Врач (мой чёрный человек): — Что с вами?
Носатый джинн из бутылки доброго бордо: — Мирмидоняне с Ахиллом побежали по моей шпаге!..
А–а–а! как называется эта кишка? Розовая? Ты же понимаешь моё молчание, зверёк? Я ведь ничего не утаиваю от тебя, даже когда осмеливаюсь заговорить. Но молчание убаюкивает меня, словно гатчинская нянька кудрявого Толичку с пластмассовым ятаганом под подушкой: вот, изловил я тебя, наволочная плотвичка–чаровница, увязла ты в моей кудре. Сколько тут крови, разноцветной, от алой до цвета наваринского дыма с пламенем — треть радуги можно смастерить. Ты–то как, гиппо? — А–а–ах! За что?! Один сплошной шмат плюша! Меня пытать — ладно! Но…
Если б ты ещё мог слушать, я бы рассказал тебе, как это — видеть свои кишки, в то же время разглядывать лезвие, которое их кромсает — и исключить, вырвать, изничтожить из поля зрения руку палач–ч–а-а! Д–а–а??!
Мысль соскальзывает с моего сознания. Скатывается по ледяному склону, точно по пупырчатому насту Юнгфрау, отмеченному чёрными флажками: Толичка перекувырнулся, свитерок задрался, и — животом по нему! Животом! Ведь каждый оттенок боли можно было бы расчленить мыслью — так поступает плешивый картезианский монах с водопадом божьего слова. Помню, по приезде в Париж, в моём первом галльском сне безбородый атлет вопил мне: «атэ, атэ!» Почему? Всё! Всё!
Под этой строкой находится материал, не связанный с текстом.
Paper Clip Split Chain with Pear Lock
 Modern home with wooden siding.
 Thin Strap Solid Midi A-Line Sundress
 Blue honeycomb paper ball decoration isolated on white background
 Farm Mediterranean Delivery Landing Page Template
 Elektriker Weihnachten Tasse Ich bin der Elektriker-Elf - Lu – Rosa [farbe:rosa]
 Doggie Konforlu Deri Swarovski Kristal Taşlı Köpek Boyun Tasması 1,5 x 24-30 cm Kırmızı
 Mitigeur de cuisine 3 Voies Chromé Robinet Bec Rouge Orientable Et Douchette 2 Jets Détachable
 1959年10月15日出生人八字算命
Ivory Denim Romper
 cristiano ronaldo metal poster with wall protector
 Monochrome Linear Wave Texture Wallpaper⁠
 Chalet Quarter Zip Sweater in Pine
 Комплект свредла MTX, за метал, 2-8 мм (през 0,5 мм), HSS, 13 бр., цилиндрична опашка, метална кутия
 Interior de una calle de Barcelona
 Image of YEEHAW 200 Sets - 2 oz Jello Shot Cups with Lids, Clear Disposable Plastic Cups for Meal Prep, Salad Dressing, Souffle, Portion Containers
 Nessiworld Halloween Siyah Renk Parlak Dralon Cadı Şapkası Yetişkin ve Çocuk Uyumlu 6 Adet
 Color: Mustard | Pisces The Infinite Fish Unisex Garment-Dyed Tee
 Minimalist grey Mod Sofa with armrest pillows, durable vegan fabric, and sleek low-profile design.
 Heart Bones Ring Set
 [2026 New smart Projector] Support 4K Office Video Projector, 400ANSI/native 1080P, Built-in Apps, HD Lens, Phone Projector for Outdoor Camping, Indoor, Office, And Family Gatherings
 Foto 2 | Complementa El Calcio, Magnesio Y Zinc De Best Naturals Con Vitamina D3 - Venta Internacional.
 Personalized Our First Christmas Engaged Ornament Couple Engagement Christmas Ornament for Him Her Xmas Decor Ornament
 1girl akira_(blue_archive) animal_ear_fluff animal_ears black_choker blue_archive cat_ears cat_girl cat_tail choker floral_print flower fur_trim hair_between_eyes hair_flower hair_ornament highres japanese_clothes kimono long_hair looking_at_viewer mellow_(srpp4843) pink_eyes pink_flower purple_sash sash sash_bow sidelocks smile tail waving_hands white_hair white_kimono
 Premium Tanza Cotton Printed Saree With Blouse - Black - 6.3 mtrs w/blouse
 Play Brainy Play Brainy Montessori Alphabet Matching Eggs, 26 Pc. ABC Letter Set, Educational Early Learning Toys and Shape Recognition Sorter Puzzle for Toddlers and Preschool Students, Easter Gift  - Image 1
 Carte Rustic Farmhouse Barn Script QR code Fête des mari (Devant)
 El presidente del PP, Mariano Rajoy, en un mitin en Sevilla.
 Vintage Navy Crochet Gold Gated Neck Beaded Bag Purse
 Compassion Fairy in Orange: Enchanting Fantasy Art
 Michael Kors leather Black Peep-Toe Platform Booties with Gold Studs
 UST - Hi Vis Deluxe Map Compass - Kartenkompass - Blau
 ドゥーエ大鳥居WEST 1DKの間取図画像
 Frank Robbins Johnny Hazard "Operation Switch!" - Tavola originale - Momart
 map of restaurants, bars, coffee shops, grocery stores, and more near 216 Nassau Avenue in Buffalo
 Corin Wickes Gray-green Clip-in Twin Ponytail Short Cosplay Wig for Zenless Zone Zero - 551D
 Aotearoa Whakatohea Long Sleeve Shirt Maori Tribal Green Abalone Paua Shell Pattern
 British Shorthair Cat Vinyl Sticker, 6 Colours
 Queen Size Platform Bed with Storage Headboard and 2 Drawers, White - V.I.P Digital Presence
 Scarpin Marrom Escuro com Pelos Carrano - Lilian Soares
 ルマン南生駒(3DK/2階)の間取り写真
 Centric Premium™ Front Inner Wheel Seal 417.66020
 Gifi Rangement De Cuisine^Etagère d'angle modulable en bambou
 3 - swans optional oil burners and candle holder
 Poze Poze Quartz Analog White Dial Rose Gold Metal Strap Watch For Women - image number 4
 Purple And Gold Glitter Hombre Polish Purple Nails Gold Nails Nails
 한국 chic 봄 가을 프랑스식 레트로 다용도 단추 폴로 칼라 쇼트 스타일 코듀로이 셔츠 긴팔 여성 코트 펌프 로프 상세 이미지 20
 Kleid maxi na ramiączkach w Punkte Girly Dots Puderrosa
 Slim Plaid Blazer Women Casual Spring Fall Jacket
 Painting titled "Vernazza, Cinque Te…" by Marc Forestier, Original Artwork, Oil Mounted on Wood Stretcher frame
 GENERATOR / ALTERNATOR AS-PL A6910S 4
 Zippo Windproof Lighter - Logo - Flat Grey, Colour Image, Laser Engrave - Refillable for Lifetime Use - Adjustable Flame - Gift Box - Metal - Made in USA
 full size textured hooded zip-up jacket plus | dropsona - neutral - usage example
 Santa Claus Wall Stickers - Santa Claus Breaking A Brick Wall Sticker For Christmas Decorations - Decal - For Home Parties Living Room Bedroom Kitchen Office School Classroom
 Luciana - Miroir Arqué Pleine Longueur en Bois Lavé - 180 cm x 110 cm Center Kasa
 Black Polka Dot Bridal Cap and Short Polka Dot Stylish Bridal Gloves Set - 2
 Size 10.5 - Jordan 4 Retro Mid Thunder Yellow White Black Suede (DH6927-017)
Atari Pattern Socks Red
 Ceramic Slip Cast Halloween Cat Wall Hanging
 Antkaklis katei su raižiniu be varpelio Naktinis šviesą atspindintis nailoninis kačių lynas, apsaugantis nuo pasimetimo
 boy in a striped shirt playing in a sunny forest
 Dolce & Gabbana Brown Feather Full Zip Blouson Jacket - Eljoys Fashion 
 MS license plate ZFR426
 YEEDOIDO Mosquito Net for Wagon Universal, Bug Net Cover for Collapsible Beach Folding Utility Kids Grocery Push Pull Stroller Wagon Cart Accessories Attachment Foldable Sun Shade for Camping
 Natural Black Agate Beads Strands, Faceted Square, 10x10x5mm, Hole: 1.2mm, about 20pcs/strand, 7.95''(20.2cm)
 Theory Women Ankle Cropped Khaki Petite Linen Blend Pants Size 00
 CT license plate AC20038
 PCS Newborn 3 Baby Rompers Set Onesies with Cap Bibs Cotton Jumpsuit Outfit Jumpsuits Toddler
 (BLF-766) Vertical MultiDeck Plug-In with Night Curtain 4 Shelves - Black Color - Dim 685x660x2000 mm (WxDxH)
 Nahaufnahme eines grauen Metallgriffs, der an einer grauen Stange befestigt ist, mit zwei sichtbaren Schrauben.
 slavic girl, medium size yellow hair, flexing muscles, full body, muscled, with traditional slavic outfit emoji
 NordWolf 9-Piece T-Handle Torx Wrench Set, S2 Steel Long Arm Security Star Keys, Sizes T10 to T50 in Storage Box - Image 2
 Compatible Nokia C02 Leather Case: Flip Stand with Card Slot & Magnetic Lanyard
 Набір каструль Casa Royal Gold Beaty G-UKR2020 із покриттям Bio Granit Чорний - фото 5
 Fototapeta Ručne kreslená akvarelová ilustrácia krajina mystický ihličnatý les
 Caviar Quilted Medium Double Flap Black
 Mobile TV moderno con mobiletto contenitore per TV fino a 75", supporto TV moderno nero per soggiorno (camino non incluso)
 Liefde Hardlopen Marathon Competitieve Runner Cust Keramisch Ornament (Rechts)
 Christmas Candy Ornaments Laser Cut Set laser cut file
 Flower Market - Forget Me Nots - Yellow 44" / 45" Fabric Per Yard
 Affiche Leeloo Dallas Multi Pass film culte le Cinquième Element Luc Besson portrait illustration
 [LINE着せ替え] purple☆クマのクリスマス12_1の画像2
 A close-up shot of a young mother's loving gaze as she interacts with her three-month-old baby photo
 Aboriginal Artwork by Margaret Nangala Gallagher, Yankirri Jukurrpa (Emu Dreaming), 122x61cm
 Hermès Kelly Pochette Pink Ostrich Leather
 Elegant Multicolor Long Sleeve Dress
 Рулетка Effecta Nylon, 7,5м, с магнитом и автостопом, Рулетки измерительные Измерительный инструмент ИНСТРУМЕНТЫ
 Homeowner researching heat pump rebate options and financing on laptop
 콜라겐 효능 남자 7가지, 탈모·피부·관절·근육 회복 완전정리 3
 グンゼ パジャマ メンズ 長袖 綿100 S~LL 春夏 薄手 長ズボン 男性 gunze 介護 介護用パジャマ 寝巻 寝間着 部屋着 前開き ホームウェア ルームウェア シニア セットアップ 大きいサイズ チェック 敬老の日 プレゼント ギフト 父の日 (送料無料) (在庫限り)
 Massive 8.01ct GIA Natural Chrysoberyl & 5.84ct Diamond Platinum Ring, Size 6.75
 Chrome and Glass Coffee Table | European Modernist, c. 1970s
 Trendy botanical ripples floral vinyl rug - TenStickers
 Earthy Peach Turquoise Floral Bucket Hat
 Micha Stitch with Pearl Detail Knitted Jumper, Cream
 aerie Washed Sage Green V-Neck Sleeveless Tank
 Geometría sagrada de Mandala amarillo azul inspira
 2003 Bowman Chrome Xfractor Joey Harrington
Всё, чему я научился прежде — не стоит ни гроша! Обесценилось, как купюра с лысым террористом жёлто–марсианской окраски.
Моё искусство взрывается и оседает искрящимся роем блуждающих огней на вывороченные кишки, алые, будто бутоны папоротника. Прочь, ведьма! Нет, лучше останься. Не уноси мой разум! Пусть я посажен на цепь, но ведь после станет ещё хуже, когда придут дразнить меня, сквозь решётку, как зверка! За что! Я же никогда не обкрадывал красавиц! Не рвал цветов с лиан! Не воровал золота синагог! Не душил спящих! Не похищал детей! Ха! Торжественно по–негритянски! Сдирай эту кожу, лезвие! Волосатую кожу — от пупа — к груди. Ты бы попросила, сам бы тебе отдал, ласточка-Николь. И два сапфира в придачу. Всё равно лучше пытка здесь, с тобой, чем одиночество там, в Лютециевом призраке сна, где в день Святого Камиллия арапчата пуляют петардами в хмельных от пивка аборигенов — здесь пуп континента — пуп «Urope réelle». Как это по–русски? Прости, Шишков! Принимайте меня, толстовцы–моррасовцы на свои длиннопалые длани! Держи осанку, горбатая «Д»!